Obligations on developers and deployers

Under the new regime, developers of covered ADMT must “provide deployers with documentation covering intended uses, training data categories, known limitations, and instructions for human review; notify deployers of material updates within a reasonable time; and retain compliance records for three years,” according to Nixon Peabody.

Deployers must give a “clear and conspicuous pre-use notice that ADMT is being used” and, after an adverse outcome, must provide “within 30 days a plain-language explanation” of the system’s role in the decision, Nixon Peabody reported. Clark Hill summarized the parallel consumer rights as the ability to “Access personal data used by the system,” “Correct inaccurate personal data,” “Request meaningful human review,” and “Seek reconsideration of adverse decisions influenced by ADMT.”

Enforcement

Enforcement rests “exclusively with the Colorado Attorney General under the Consumer Protection Act; there is no private right of action,” per Nixon Peabody. Consumer Finance Monitor noted that mandatory Attorney General rulemaking must be completed “by January 1, 2027,” and that a “60-day right-to-cure provision allows developers and deployers to remedy violations” until that provision expires January 1, 2030.

Reactions

Governor Polis described the signing as a deregulatory win. “I’m so excited to lower the cost of doing business in Colorado, streamlining regulation,” Polis said, according to CBS Colorado. Rodriguez, who carried the original 2024 statute, told CBS Colorado that the earlier law “was pretty aggressive. I was maybe a little bit ahead of my time.”

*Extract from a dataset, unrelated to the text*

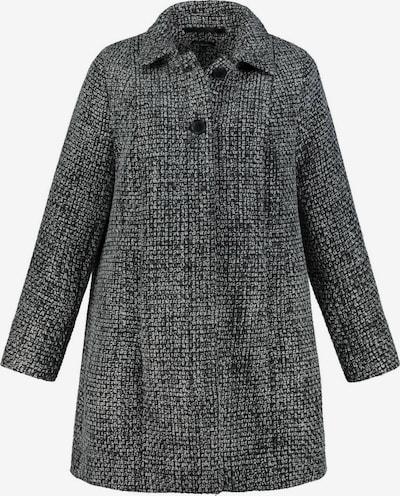 Ulla Popken Mantel in schwarz / weiß, Produktansicht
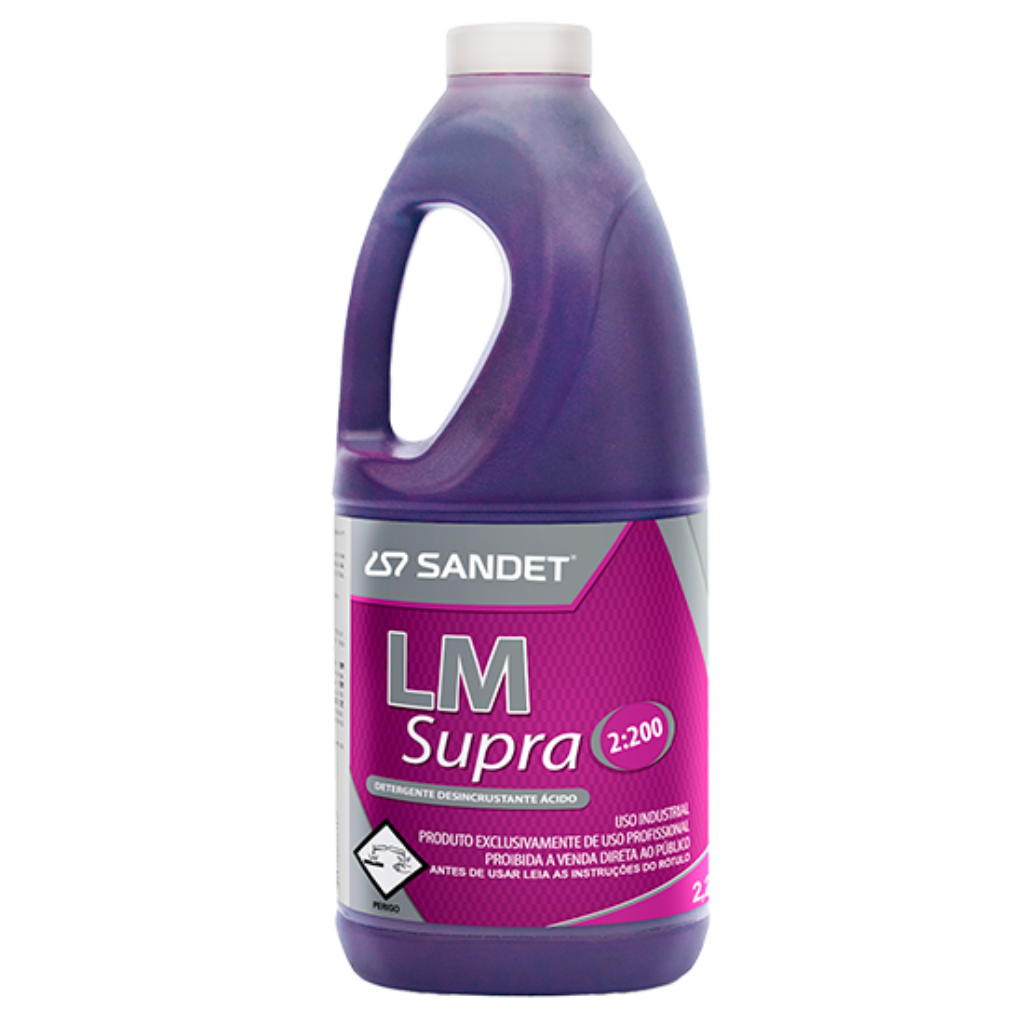 LM SUPRA - DESINCRUSTANTE ÁCIDO - SANDET 2 LITROS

In the floor debate before passage, Rodriguez framed the outcome as a compromise. “Everybody lost and everybody won. We still have consumer protections. It’s not as much as I would have liked,” he said, as The Colorado Sun reported. Representative Bacon described it as incremental: “That (further conversation) has to come. But today we are ensuring that users of this technology are transparent and that people have the opportunity to correct their information. This is not a leap. But this is a hop. And it’s in the right direction,” as quoted by The Sum and Substance.

Industry stakeholders called the new framework more workable. Kim Brown Wilmsen of the Colorado Technology Association told The Sum and Substance: “It’s more workable than 205. It better reflects the difference between developers and deployers.”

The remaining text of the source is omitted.